The mechanics for trading "Supreme Court rules in favor of Trump's tariffs?" are the same as any other PolyGram event contract. Each YES share resolves to $1 if the event happens, or $0 if it doesn't. The current price between 0¢ and 100¢ is the market's probability estimate, set live by the order book.
$4.8M in lifetime turnover and $0 of resting liquidity puts this market in the top 2% by volume for courts contracts on PolyGram. Order-book depth is thin — large orders may need to be split across the book or executed as limit orders.
The market has been open for 8 months — long enough that the order book is mature and price is well-anchored to fundamentals.
Higher-volume markets tend to have tighter spreads and faster price discovery — meaning the displayed YES/NO percentages are more likely to reflect the true crowd-implied probability rather than a single trader's directional view.
As of today, traders on Polymarket price this outcome at 0%. The number updates continuously as the order book clears. PolyGram mirrors the same live odds with locale-aware formatting and USDC settlement.
Resolution is handled by the UMA optimistic oracle on Polygon. A proposer submits the outcome, a 2-hour dispute window opens, and if uncontested the payout is final. Contested outcomes escalate to UMA token holders.
This prediction market is scheduled to close on 31 December 2026. After the resolving event occurs, settlement typically clears within 24 hours once the UMA optimistic oracle confirms the outcome. All payouts are in USDC on the Polygon network.

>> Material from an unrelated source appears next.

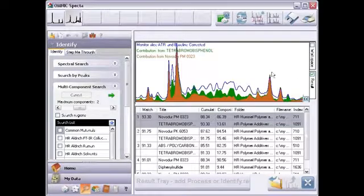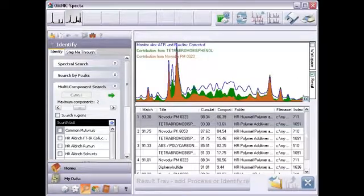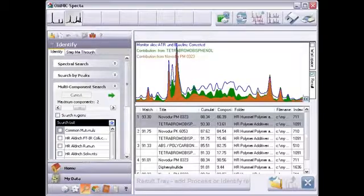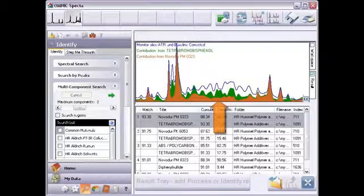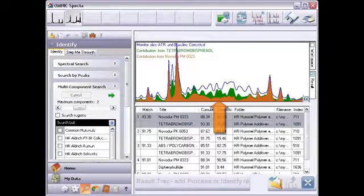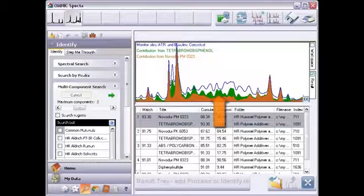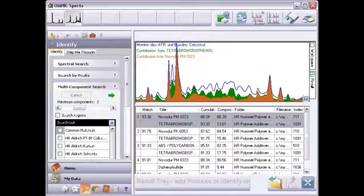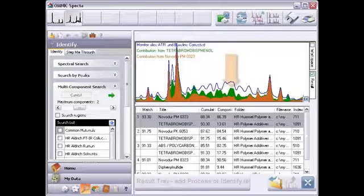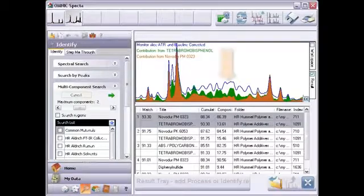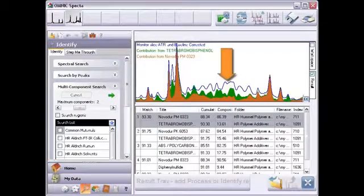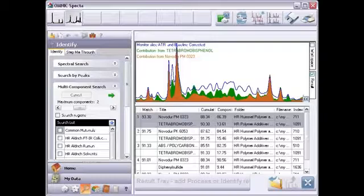Now I'll select terrain view, which shows the contribution of each found reference to the composite and compares it with the unknown. The bottom color represents the contribution of the first major component in the match set, the base plastic. The next layer shows the additional contribution from the second component. So at a given point, we add the contribution from the first and second component to get their combined contribution. The top edge of this layer is equivalent to the composite spectrum. The solid line at the top is the original spectrum of the unknown sample. Again, you can see how each component contributes and how the composite accounts for all the major peaks.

To trade on this prediction market, create a free PolyGram account at polygram.ink, deposit USDC via Polygon, and place a YES or NO order on the outcome you believe in. You can learn more on our how-it-works page. Your maximum loss is limited to your stake — there is no leverage or margin.
When the outcome is determined, winning YES shares pay out $1.00 each in USDC, while losing shares pay $0. Settlement is handled by the UMA optimistic oracle on Polygon — a proposer submits the result, a two-hour dispute window opens, and if uncontested, payouts are distributed automatically. You can withdraw your winnings to any Polygon wallet.

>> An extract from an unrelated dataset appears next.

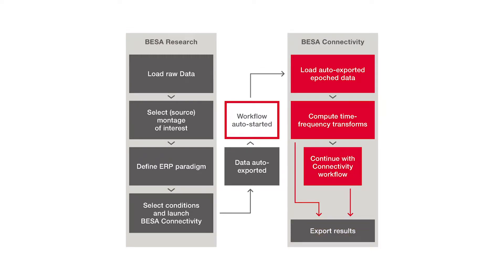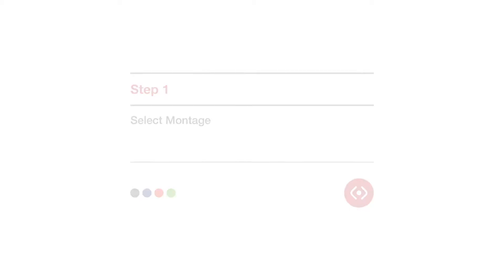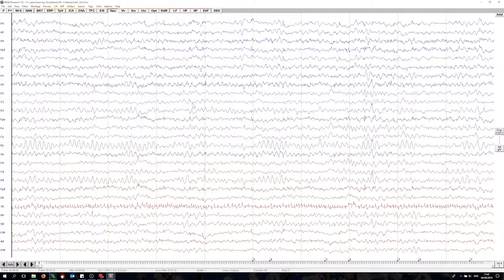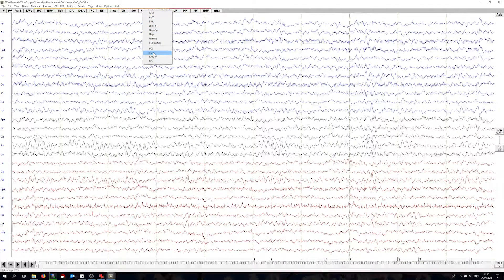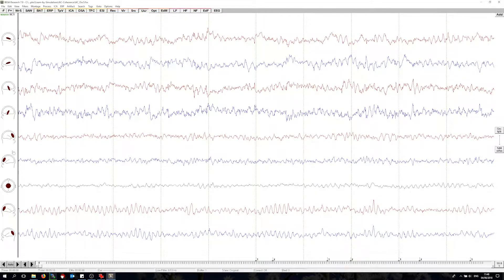Now let's see how that works in the real world. Here I have my data which is a resting state recording where some auditory oscillatory activation simulation was superimposed as a simulation. Let us first transform this data into source space using a user-defined source montage. This nine-channel montage has four auditory sources that cover our simulated activity and five additional sources that model non-stimulus related background brain activity.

Prediction-market positions can lose 100% of staked capital. Outcomes are uncertain by definition — historical accuracy of crowd-implied probabilities is high in aggregate but not for any single market. PolyGram does not provide investment advice. Trade only with capital you can afford to lose.
Regulatory status varies by jurisdiction. Germany, the United States, and most EU countries treat Polymarket-style event contracts under one of three frameworks: financial derivative, gambling product, or unregulated novel asset. Consult local counsel before trading.